Она уже присела у духовки, ловко вытаскивая противень с тонким коржом, чтобы тут же поставить другой.
— Да… да, конечно, что, простите, я отвлеклась?
— Юля, давай на «ты» и по имени.
— Хорошо, Юрий Борисович, — она смотрела, как его глаза бегут по строчкам, которые она читала несколько минут назад. Недовольно сжав плечи, словно ожидая какой-то реплики или рецензии, она всё же повернулась к плите, где перевернула мясо.
— Юра, меня зовут Юра, хорошо?
— Хорошо, — она продолжала смотреть на его глаза, задумчиво бегущие по строчкам, на руку, что пробежалась по переплету, перевернула книгу и оставила лежать там же, где и лежала, на том же месте, на той же открытой странице.
Юля молчала.
— Прости, я, наверное, нарушил твоё личное пространство.
— Как?
— Книги — это личное пространство, не всегда хочется показывать то, что читаешь в одиночестве, — он говорил тихо, обратив внимание на спящего малыша.
— Нет, это просто… так, ерунда, занять время, — краска поднималась по длинной шее, по лицу, до кромки светлых волос у висков.
— Франсуаза Саган писала отличные вещи… я бы не сказал, что это такая уж ерунда.
— Это женский роман.
— Да, не слишком мужской, «Немного солнца в холодной воде»… Это о любви и эгоизме, о самопожертвовании… пожалуй, только эгоизм понятен мужчинам. Но от этого роман не стал хуже.
— Да, наверное…
— Эй, это ты читала, а я сейчас тебе доказываю состоятельность Саган, как писателя?

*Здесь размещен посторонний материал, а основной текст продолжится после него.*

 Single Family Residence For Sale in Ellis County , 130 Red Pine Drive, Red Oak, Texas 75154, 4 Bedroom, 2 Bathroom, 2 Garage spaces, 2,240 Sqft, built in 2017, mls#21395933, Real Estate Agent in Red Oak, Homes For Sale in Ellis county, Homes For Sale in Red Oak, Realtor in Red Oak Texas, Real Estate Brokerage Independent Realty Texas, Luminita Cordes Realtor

— Просто… женские романы читают пустышки…
— Женские романы читаю женщины, мужчины читают комиксы, когда читают, конечно… — он внимательно всматривался в лицо красивой женщины перед ним, силясь понять её логику, в конце концов, как будто признавшись себе в невозможности понять блондинку, стоящую перед ним — высокую, с длинными стройными ногами, выглядывающими из-под короткого халата, с тонкой, как у фарфоровой куклы, кожей и таким же, словно нарисованным нежными масками акварели, румянцем.
Через два часа руки Юры ловко сбивали, нарезали, подносили, убирали и мыли посуду, он сказал, что спать пока не хочет, а вот помочь будет рад.
Разговор быстро перешёл на учёбу Юли, на её планы, потом на малыша на качелях, который уже крутился, явно готовясь проснуться.
— Так как зовут карапуза?
— Ким.
— Ким?
— Евдоким, на самом деле, но мы сократили.
— А с отчеством как сочетается?
— Он Симонович, Юра, какая разница, — она засмеялась, открыто, так, каким был её живой взгляд и улыбка.
— Евдоким Симонович Брахими. Да ты затейница, Юля.
— Точно!
Ещё через час Юля складывала бесконечные ёмкости с едой в холодильник, убирала большой торт Наполеон, чья начинка получилась в этот раз ещё вкусней, потому что в крем, по настоянию Юры, добавили капельку брусничного сиропа, и быстро протирала стол, пока Ким спокойно стоял, подпрыгивая на руках у постороннего человека, проявляя интерес к светлым волосам мужчины, дёргая их и пытаясь попробовать на зуб. Дёргать мужчина позволял, как и кусать себя за нос, а вот попытку проглотить волосы пресекал.
— Юля, ты прости, можешь сказать, что это не моё дело, но всё же, что не так с Саган?